As a starting point, Dhlamini returned to the countryside of his childhood in the Free State in an effort to capture the landscape for its rich psychological associations. Hlatshwayo’s return involved visiting his family tavern where he transforms memories of violence into ghosts embedded in the walls. These spectral traces are further entrenched into the images through tactile interventions in Hlatshwayo’s image-making process.
This haunting body of work has been created through a process of mutual exchange, with each photographer contributing conceptually to the creation of each image. Dhlamini and Hlatshwayo would communicate with each other throughout the conceptual phase of the project, sharing thoughts and images to collectively unpack their ideas of home. The dynamics of this exchange will be further explored in conversation with Sean O’Toole.
Jabulani Dhlamini’s (b. 1983, Warden, South Africa) work focuses on his upbringing while also reflecting on various communities within contemporary South Africa. Dhlamini’s approach is meditative and subtly provokes a closer look at what lies on the edges by exploring personal and collective memory. Incorporating landscape imagery and intimate portraits, his work captures historical moments — such as the recollection of the Sharpeville Massacre, the effects of land dispossession and the funeral of anti-apartheid activist Winnie Madikizela-Mandela — while also documenting the quieter moments in the lives of everyday South Africans.

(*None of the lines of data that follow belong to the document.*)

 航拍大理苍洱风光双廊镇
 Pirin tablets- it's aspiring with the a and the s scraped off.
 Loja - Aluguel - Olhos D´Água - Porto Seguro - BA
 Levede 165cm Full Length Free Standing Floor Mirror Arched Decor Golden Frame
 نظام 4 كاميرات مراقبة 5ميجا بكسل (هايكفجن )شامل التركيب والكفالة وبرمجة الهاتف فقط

Recent group exhibitions include Inganekwane, North West University Gallery, South Africa (2022); iHubo – Whispers, PhotoSaintGermain festival, France (2022); Side to Side Johannesburg, La Permanence Photographique, France (2022); and A Different Now is Close Enough to Exhale on You, Umhlabathi Collective Gallery, South Africa (2022); as well as a solo exhibition at Mitre Gallery, Brazil titled Casa/iKhaya Lami (2023).

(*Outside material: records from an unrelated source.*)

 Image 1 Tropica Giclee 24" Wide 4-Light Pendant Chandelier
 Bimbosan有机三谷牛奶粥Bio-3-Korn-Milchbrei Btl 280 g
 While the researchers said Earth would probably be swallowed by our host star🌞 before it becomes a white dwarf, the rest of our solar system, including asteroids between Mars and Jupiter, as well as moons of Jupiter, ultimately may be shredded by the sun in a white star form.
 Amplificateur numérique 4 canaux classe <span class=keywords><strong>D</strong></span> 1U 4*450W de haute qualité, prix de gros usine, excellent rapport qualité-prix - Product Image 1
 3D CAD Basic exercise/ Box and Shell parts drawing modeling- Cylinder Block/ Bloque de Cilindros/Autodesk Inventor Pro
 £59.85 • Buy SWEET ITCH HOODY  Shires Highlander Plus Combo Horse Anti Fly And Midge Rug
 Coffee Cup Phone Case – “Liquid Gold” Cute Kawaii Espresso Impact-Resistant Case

Dhlamini is an alumni fellow of the Edward Ruiz Mentorship programme and the Market Photo Workshop in Johannesburg, where he is currently based.
The exhibition also features a new body of work created this year by Dhlamini while on residency in Palmital and Belo Horizonte in Brazil. These images explore the intergenerational trauma that remains powerfully felt in South Africa and in Brazil today, making visible oral recollections of past and present experiences of structural violence and the residue of colonial brutality. This project aims to highlight these painful postcolonial connections across the global South and build solidarity across the Atlantic:
This shared history of struggle and oppression provided a powerful starting point in South Africa, the legacy of apartheid, and in Brazil, the history of slavery and social inequality. This created for me a sense of a shared context underpinning the challenges faced by marginalised communities. This work tries to address and heal these deep-rooted wounds - Jabulani Dhlamini
Thembinkosi Hlatshwayo (b. 1993, Johannesburg, South Africa) uses the tavern run by his parents as a studio in which to investigate themes of first-hand and generational trauma, violence and memory. The photographer Jabulani Dhlamini and photography curator and educator John Fleetwood mentored Hlatshwayo. He won the 2019 CAP Prize for Contemporary African Photography with his series Slaghuis I. Hlatshwayo was the Gisèle Wulfsohn Photography Mentorship Recipient for 2019. He held his first solo exhibition, Slaghuis II at the Market Photo Workshop in February 2020, and was an overall winner of the international Blurring the Lines photo award for 2020. His work has been featured in group exhibitions at Fotomuseum Winterthur, IAF Basel Festival, and Johannesburg’s Turbine Art Fair.
iHubo was first exhibited in Paris as iHubo - Whispers curated by Valérie Fougeirol. This was at the 2022 PhotoSaintGermain festival as part of the 10th-anniversary celebration of the Thokoza-based photography education programme Of Soul and Joy initiated by Rubis Mécénat. This exhibition marks the first time that it will be seen in South Africa and in the global South.